Na publicação, ele teria marcado o general Freire Gomes, ex-comandante do Exército durante a gestão Bolsonaro. O general é testemunha da suposta tentativa de golpe, conhecido por não ter aderido ao movimento golpista.
“Marquei o Freire Gomes porque queria que [a mensagem] chegasse a ele. Marquei também o jornalista Paulo Figueiredo, com quem não tinha muito contato, porque a família dele me conhecia. Queria que ele compartilhasse por ter muitos seguidores. E queria aumentar meu número de seguidores”, argumentou.
Paulo Figueiredo é neto do último presidente do período da ditadura militar no Brasil, general João Batista Figueiredo.
Entre os atos criminosos pelos quais o Núcleo 4 é acusado estão os de disseminação de notícias falsas sobre o funcionamento das urnas eletrônicas e ataques a autoridades que se colocassem no caminho dos planos golpistas.
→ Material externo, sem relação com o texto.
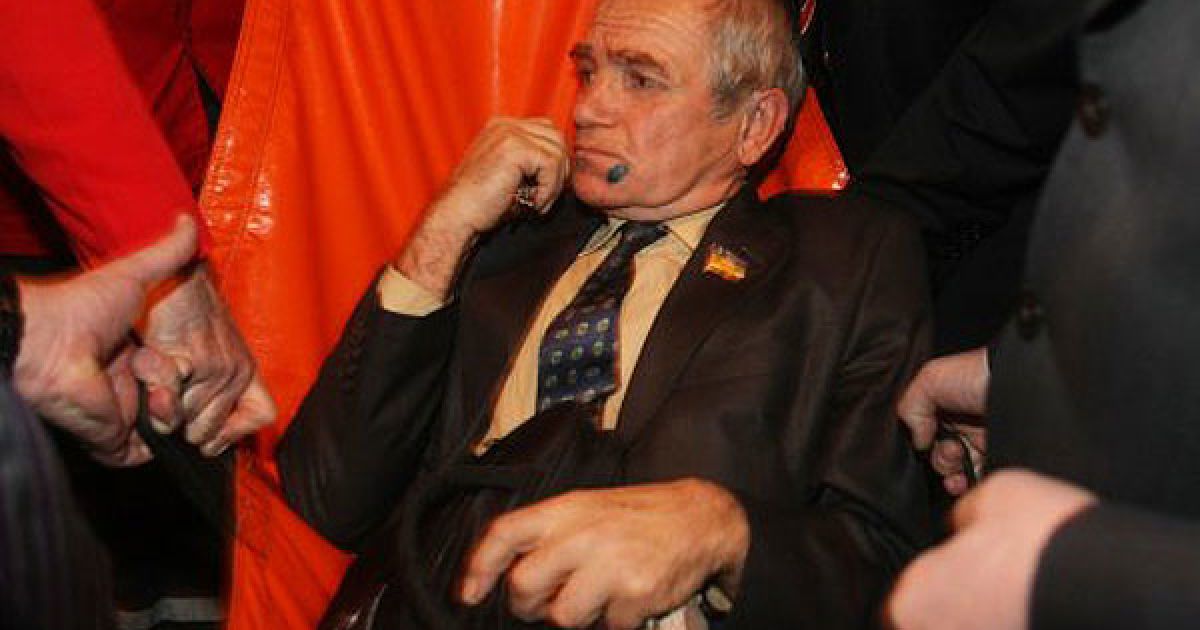 Депутата з фракції &ldquo;БЮТ-Батьківщина&rdquo; Юрія Гнаткевича забрала "швидка" після бійки з депутатами від Партії регіонів. 
Юрія Гнаткевича медики на ношах винесли із зали. / © УНІАН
Integrantes desse grupo são também apontados como responsáveis por ações estratégicas de desinformação e respondem por crimes como os de organização criminosa, golpe de Estado, tentativa de abolição violenta do Estado Democrático de Direito, dano qualificado e deterioração do patrimônio tombado. Somadas, as penas podem superar os 30 anos de cadeia.
São réus no Núcleo 4:
Ailton Moraes Barros – ex-major do Exército
Ângelo Denicoli – major da reserva do Exército
Giancarlo Rodrigues – subtenente do Exército
Guilherme Almeida – tenente-coronel do Exército
Reginaldo Abreu – coronel do Exército
Marcelo Araújo Bormevet – agente da Polícia Federal
Carlos Cesar Moretzsohn Rocha – presidente do Instituto Voto Legal
O julgamento foi interrompido para almoço, devendo ser retomado ainda na tarde de hoje.